Brudeferden i Hardanger (The bridal procession in Hardanger) is a 1926 Norwegian silent drama film directed by Rasmus Breistein, starring Aase Bye. The script was written by Breistein, based on the novel Marit Skjølte, by Kristofer Janson. The film is a romantic drama about two lovers who are separated and only get reunited in their old age. It started a trend of national romanticism in Norwegian film.

==Plot==
Norway at the beginning of the 20th century: Several inhabitants of a small village on a fjord are boarding a ship to emigrate to the United States. Marit Skjølte refuses to follow her parents because she is in love with Anders Bjåland. Anders tells her that he is going to travel for a couple of years and will marry her when he comes back. He gives her his mother's brooch as token of his engagement. Four years later, Marit discovers that Anders is marrying the rich Kari Bjørve. She expresses her contempt towards him and goes to work for an old man in the mountains. One day, Tore, the man who always loved her comes to renew his offer to marry her. Marrit accepts to follow him.

Wedding Boat Procession

Many years have passed. Marit has become a rich widow, living with her son Vigleik and her daughter Eli. Anders poor and sick lives with his son Bård. Eli falls in love with Bård, and despite her mother's prohibition and her brother's threats, marries him and goes to live on his farm where she takes care of her sick father in law. Several years pass. Anders' wife has died poor and derelict. Marit begins to soften up and sends anonymously some food to her daughter. One day Vigleik, who has drunk too much, goes to the Bjåland farm, drags Anders out of his bed and throws him out of the house. Eli carries him to her mother who takes care of him. When Anders regains consciousness and sees that Marit has always carried his mother's brooch, he is full of remorse. They remember when they played bride and groom as children. Vigleik, ashamed by his behaviour emigrates to the United States and Marit and Anders spend their old days together.

==Cast==
- Aase Bye as Marit Skjølte young
- Gunhild Schytte-Jacobsen as Marit Skjølte old
- Henry Gleditsch as Anders Bjåland young
- Alfred Maurstad as Vigleik, Marit's son
- Annik Saxegaard as Eli, Marit's daughter
- Oscar Larsen as Anders Bjåland old
- Martin Fiksen as Bård, Anders Bjåland's son
- Dagmar Myhrvold as Kari Bjørve
- Vilhelm Lund as Tore Skjølte
- Henny Skjønberg as Tore's mother

==Production and release==
The outdoor takes were shot in Aga and Lofthus in Ullensvang Municipality, and on Tokheim Farm outside Odda. The indoor takes were filmed at The Art Room in Thunes Mek. Verksted, Skøyen.

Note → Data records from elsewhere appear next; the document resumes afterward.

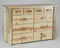 Dressers Tall Dresser - 54" X 20" X 38" Clear Wood 10 Drawer Dresser HomeRoots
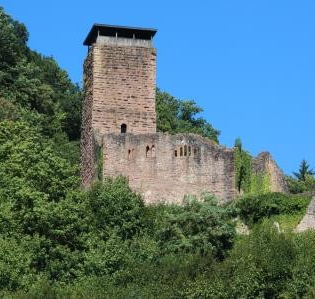 Hinterburg bei Neckarsteinach | © Touristikgemeinschaft Odenwald e.V.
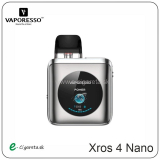 Vaporesso Xros 4 Nano 1350mAh titanium silver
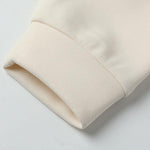 Textured Fabric Patchwork Crew Neck Sweatshirt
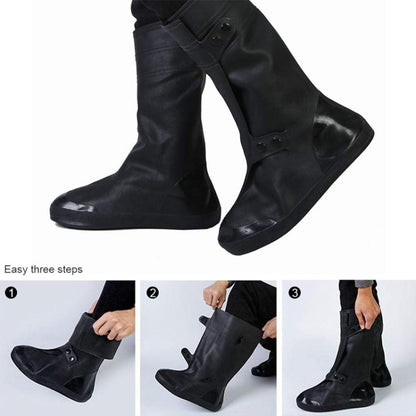 High Tube Rainproof Snowproof Adult Shoe Cover Size: XXL, Size: XXL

The film premièred on 26 December 1926 at the Cirkus Verdensteater and Frogner Cinema Theatre, Oslo.

==Restoration==
The film only existed in one, severely damaged 35 mm copy, with extremely unstable pictures, as the copy had shrunk, with extensive damages and scratches in the emulsion. The film was scanned in 2048x1556 pixels, and a total of 113.000 frames were individually stored and repaired. The data files were stabilized, illuminated and repaired with the most advanced equipment.

The copy that the Norwegian Film Institute had in its possession was an unedited version without titles. The Swedish title lists were found at The Swedish Film Classification Board in 1998.

From these files, a new, restored 35 mm negative was produced in 1999, with new music based on the original playlists, written by Halldor Krogh. Hardanger fiddle soloist: Einar Mjralsnes. Sound Engineer: Hékon Aarraen. Music producer: Halldor Krogh

Since 1999, several new title lists have surfaced. This has rendered it possible to reconstruct an omitted sequence which expands on the narrative in the film. In 2007, a new version, a few hundred meters longer, was released on DVD with Norwegian intertitles and English subtitles.